Got it with the help of Demian Katz, main developper of Vufind:
The import script of Vufind was bypassing the duplication parameters
while writing directly to the SOLR-Index.
By deactivitating direct writing to the index and using the standard way
it now works!
Thanks to all who gave input!
Markus
Markus Fischer schrieb:
I use
<bool name="overwriteDupes">true</bool>
and a different field than ID to control duplication. This is about
bibliographic data coming from different sources with different IDs
which may have the same content...
I attached solrconfig.xml if you want to take a look.
Thanks a lot!
Markus
Markus Jelsma schrieb:
What's your solrconfig? No deduplication is overwritesDedupes = false
and signature field is other than doc ID field (unique)
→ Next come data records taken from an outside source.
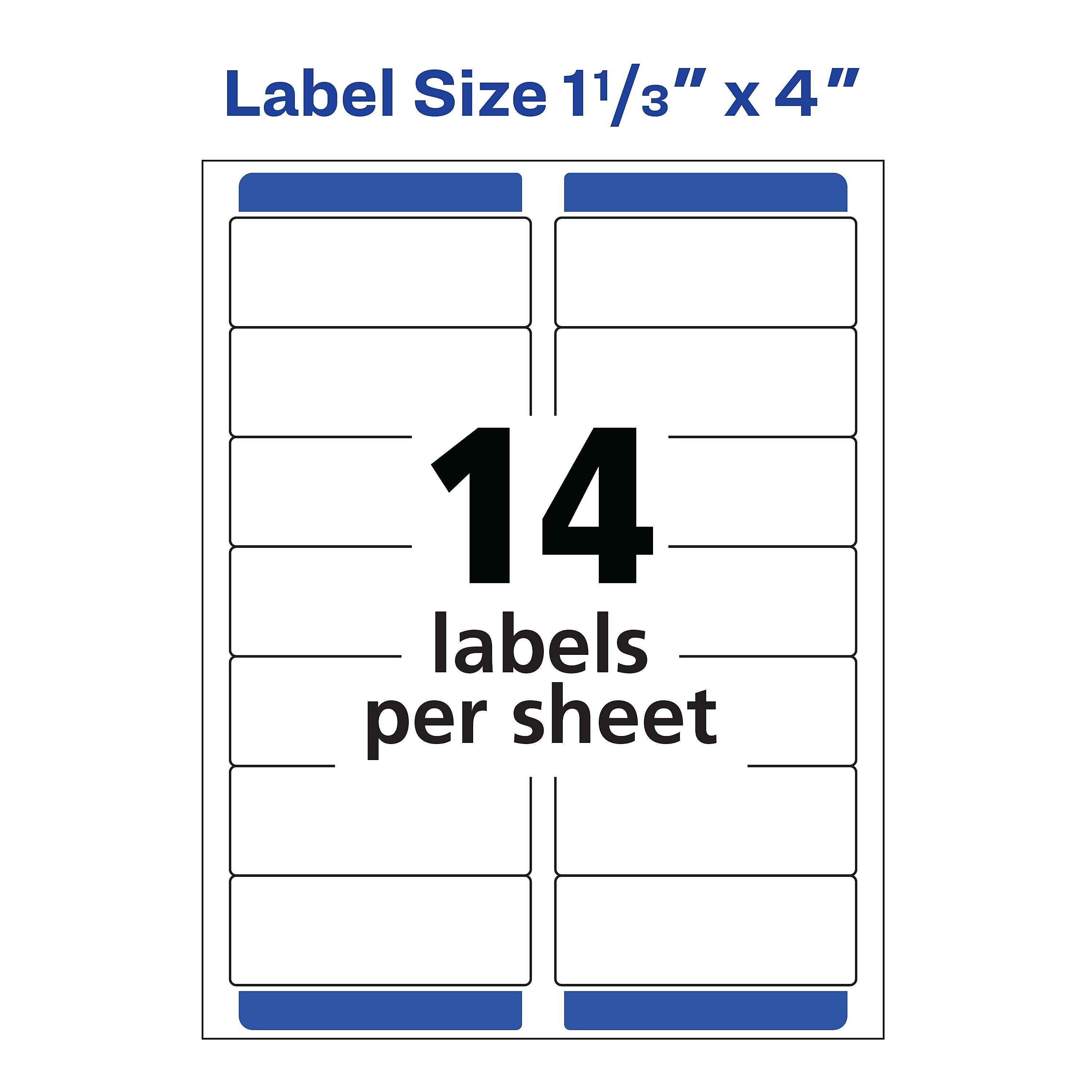 Avery Easy Peel Inkjet Address Labels, 1-1/3" x 4", Clear, 14 Labels/Sheet, 10 Sheets/Pack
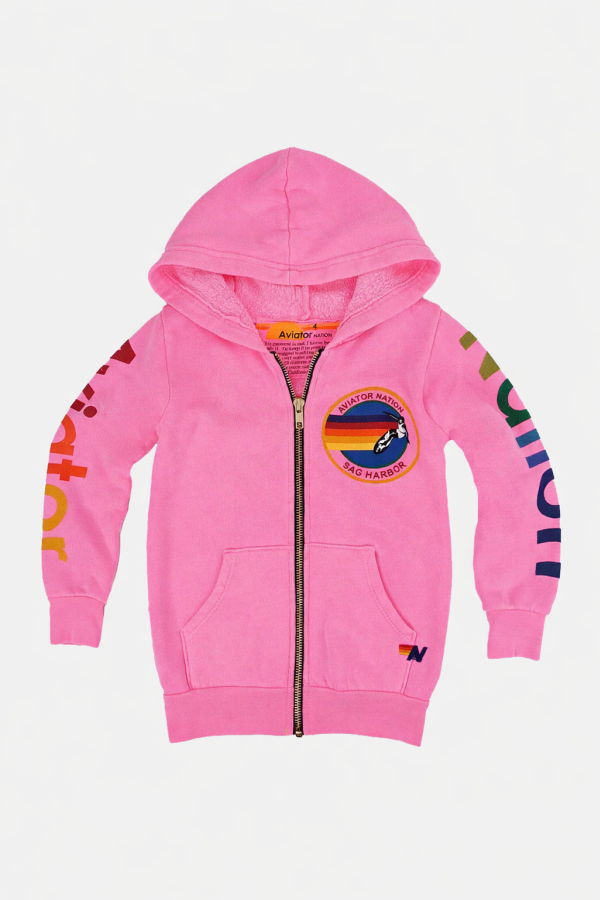 KIDS Blue&Cream Sag Harbor Signature Zip Hoodie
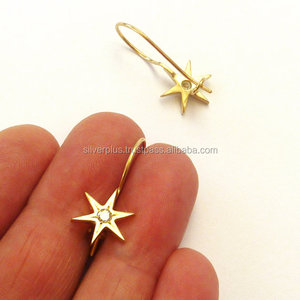 คุณภาพที่ดีที่สุด14K สีเหลืองทองธรรมชาติออกแบบตะขอต่างหูสตั๊ดดาวเครื่องประดับ unisex ของขวัญปาร์ตี้วันครบรอบ - Product Image 1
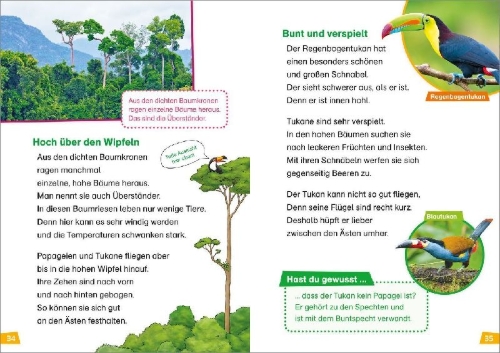 Buchcover und Innenansicht für das Buch: WAS IST WAS Erstes Lesen Band 15. Regenwald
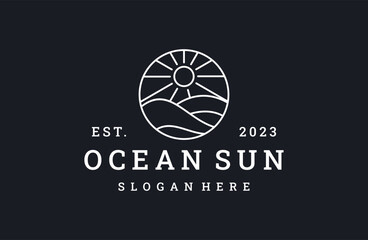 ocean sun logo vector icon illustration hipster vintage retro .
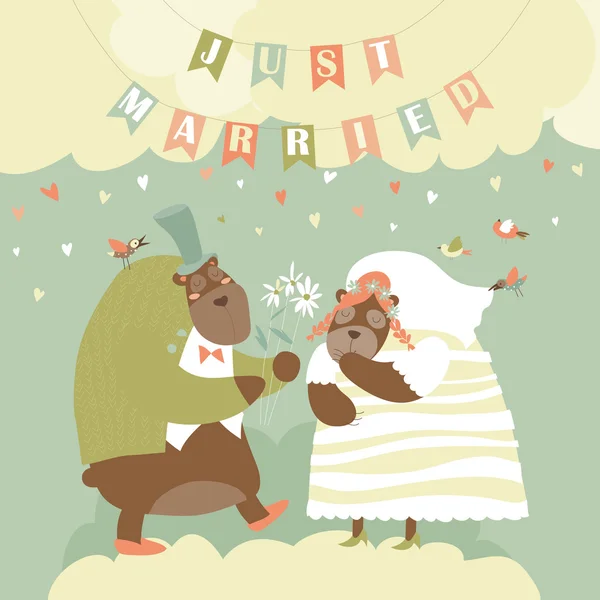 Два милых медведя. Just Married . — стоковый вектор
-----Original message-----
From: Markus Fischer <i...@flyingfischer.ch>
Sent: Thu 13-05-2010 17:01
To: solr-user@lucene.apache.org; Subject: Config issue for deduplication
I am trying to configure automatic deduplication for SOLR 1.4 in
Vufind. I followed:
http://wiki.apache.org/solr/Deduplication
Actually nothing happens. All records are being imported without any
deduplication.
What am I missing?
Thanks
Markus
I did:
- create a duplicated set of records, only shifted their ID by a fixed
number
---
solrconfig.xml
<requestHandler name="/update" class="solr.XmlUpdateRequestHandler" >
<lst name="defaults">
<str name="update.processor">dedupe</str>
</lst>
</requestHandler>
<updateRequestProcessorChain name="dedupe">
<processor
class="org.apache.solr.update.processor.SignatureUpdateProcessorFactory">
<bool name="enabled">true</bool>
<bool name="overwriteDupes">true</bool>
<str name="signatureField">dedupeHash</str>
<str name="fields">reference,issn</str>
<str
name="signatureClass">org.apache.solr.update.processor.Lookup3Signature</str>
</processor>
<processor class="solr.LogUpdateProcessorFactory" />
<processor class="solr.RunUpdateProcessorFactory" />
</updateRequestProcessorChain>
---
In schema.xml I added the field
<field name="dedupeHash" type="string" stored="true" indexed="true"
multiValued="false" />
--
If I look at the created field "dedupeHash" it seems to be empty...!?